Milestone 2: “Developer Rig” Setup and Initial As-Is Build

  1. Install core software for developing, building, and testing prototype versions of GenMAPP Builder:
    • Java developer tools: JDK 8 (which, at this writing, is JDK 8u65)
    • A git client (for interacting with GitHub)
    • Any tool that can unpack .gz and .zip files (we are using 7-zip on the Seaver 120 machines)
    • XMLPipeDB Match utility
    • Development environment: while any will do, Eclipse is the specific one that most XMLPipeDB developers have used:
      1. Download and install Eclipse from its download web site. Either Eclipse IDE for Java Developers or Eclipse IDE for Java EE Developers will work.
      2. Eclipse includes ant so you do not need a separate ant installation unless you plan to build GenMAPP Builder outside of Eclipse
      3. If you want to use ant outside Eclipse, please visit http://ant.apache.org.
  2. Follow the instructions in the GenMAPP Builder Project Setup and Initial Build section of this wiki page in order to:
    • Set up a functioning Eclipse development environment for your branch of GenMAPP Builder.
    • Build your own copy of GenMAPP Builder from scratch.
  3. (with QA) Get a full import-export cycle done.
  4. (with QA) Decide on a file/version management scheme/system.
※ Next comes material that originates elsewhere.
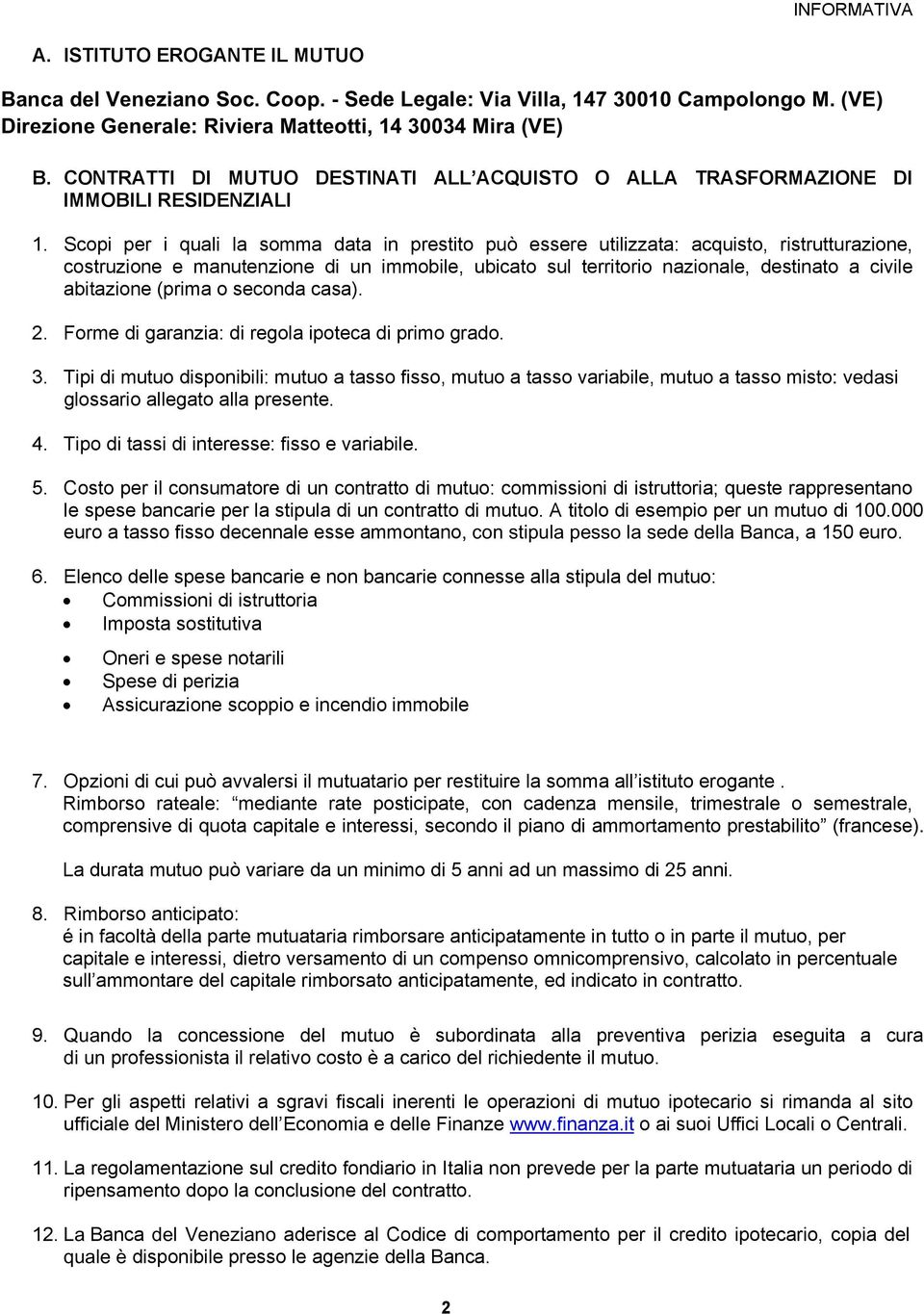 Scopi per i quali la somma data in prestito può essere utilizzata: acquisto, ristrutturazione, costruzione e manutenzione di un immobile, ubicato sul territorio nazionale, destinato a civile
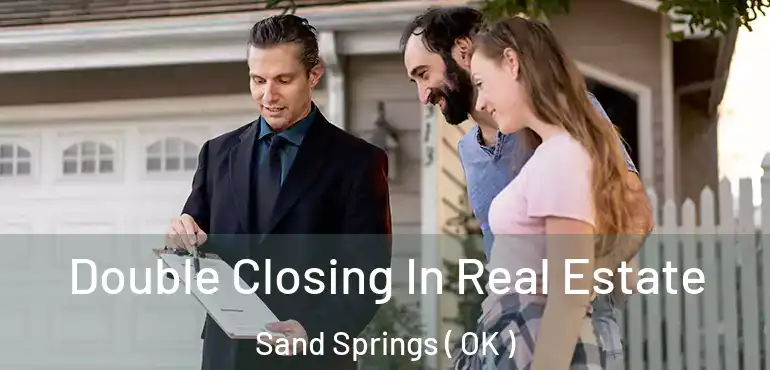  Double Closing In Real Estate Sand Springs ( OK )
As needed, coders may arrange for a walkthrough or other help session with Dr. Dionisio if there are any issues with the procedures on this guild page.

Milestone 3: Species Profile Creation

  1. Add a species profile to the GenMAPP Builder code base.
  2. Customize the species profile with the species name in the OrderedLocusNames record of the Systems table.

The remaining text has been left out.